Robotic Technology Today
Technology today has started to focus on aiding seniors with dementia. A recent article published in Psychology Today highlights the ways in which current robotic technology can help dementia patients with self-care and other everyday tasks, while providing sensory stimulation for patients with general cognitive issues. But these robots aren’t cheap. At present, their price tag limits their availability, although some assisted-care facilities and rehabilitation hospitals are making the investment to help seniors live longer, healthier lives.

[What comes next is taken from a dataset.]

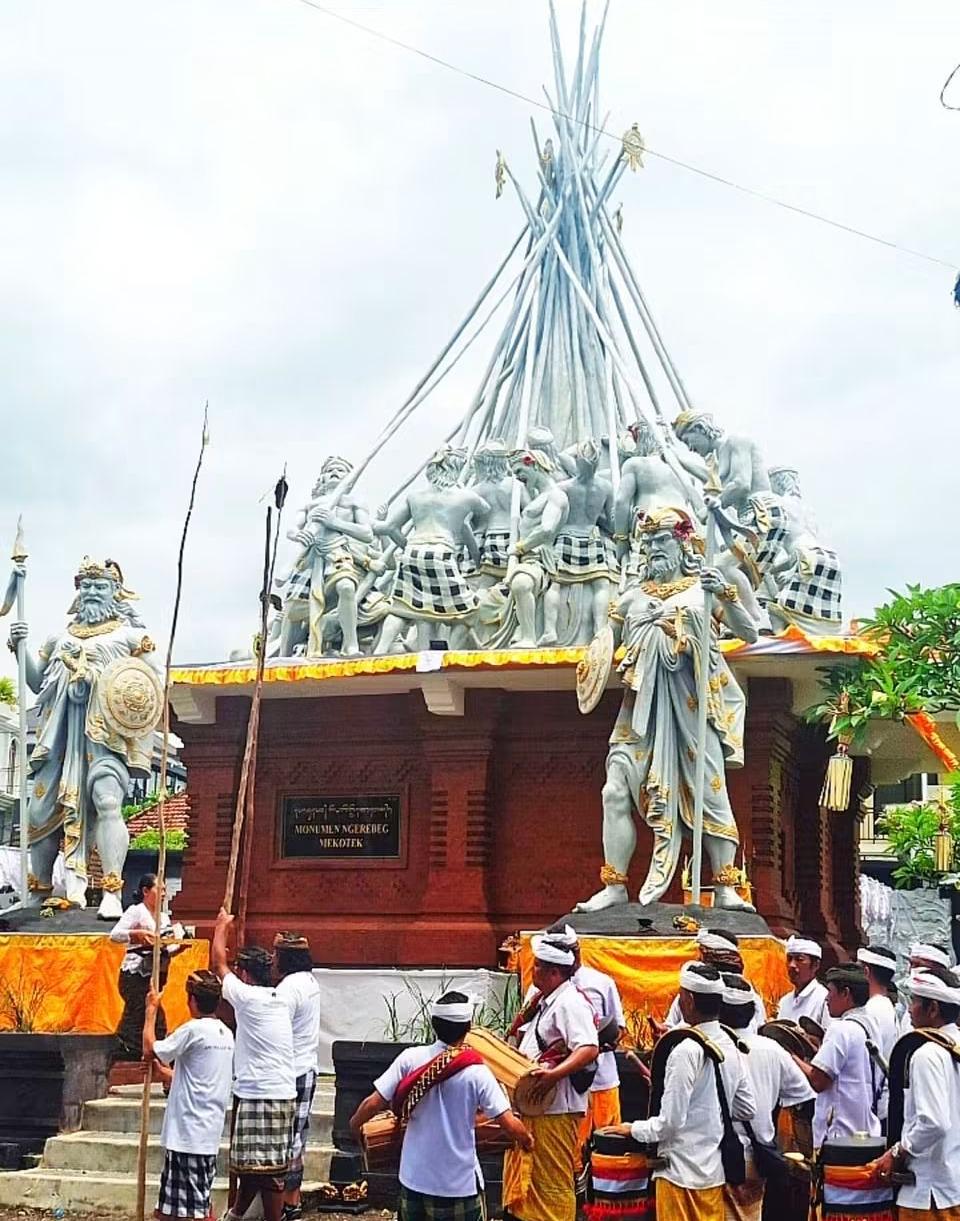 Patung Mekotek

There are a number of more widespread ways that robots are used in the medical field today. Many seniors come into contact with surgical robots, which are used to perform intricate surgeries that can be difficult for unaided human hands. These robots are programmed to make precise movements through small incisions, offering patients faster recovery times. Rehabilitation robots are commonly used in physical therapy, and those with the need for prosthetics can be fitted with high-tech robotic limbs.
The Future of Robotic Technology and Senior Care
While robots will never replace the care a loved one can provide, the technology may evolve to help caregivers with a number of tasks. A household robot could, one day, allow seniors to live independently for longer periods of time, while providing reminders and bolstering seniors’ cognitive functions.
The most vital role these robots may play is in assisting seniors with everyday tasks. According to a study published in the American Journal of Public Health, approximately two out of every three seniors need help with one or more daily activities. And as adults age, they often need increased assistance with basic self-care such as eating, bathing, or dressing.
In the future, monitoring robots may also enable those with severe cognitive issues — and those at a high fall risk — to be left alone for longer periods of time. This could boost the morale of such older adults, and allow caregivers to run errands or work outside the home with the peace of mind of knowing that their loved ones are safe. The robotic technology that allows this to happen will most likely resemble an advanced version of the fall-detection technology that’s available in today’s personal medical alert devices.
Other Technologies for Aging in Place
These advances in robotic technology may still be a few years away; however, today, there are a number of other technologies that help seniors age in place, allowing them to live in their own homes for as long as possible. From grab bars to high-tech, mobile, medical-alert pendants, there are lots of options available to enable older adults to continue enjoying those things they love for years.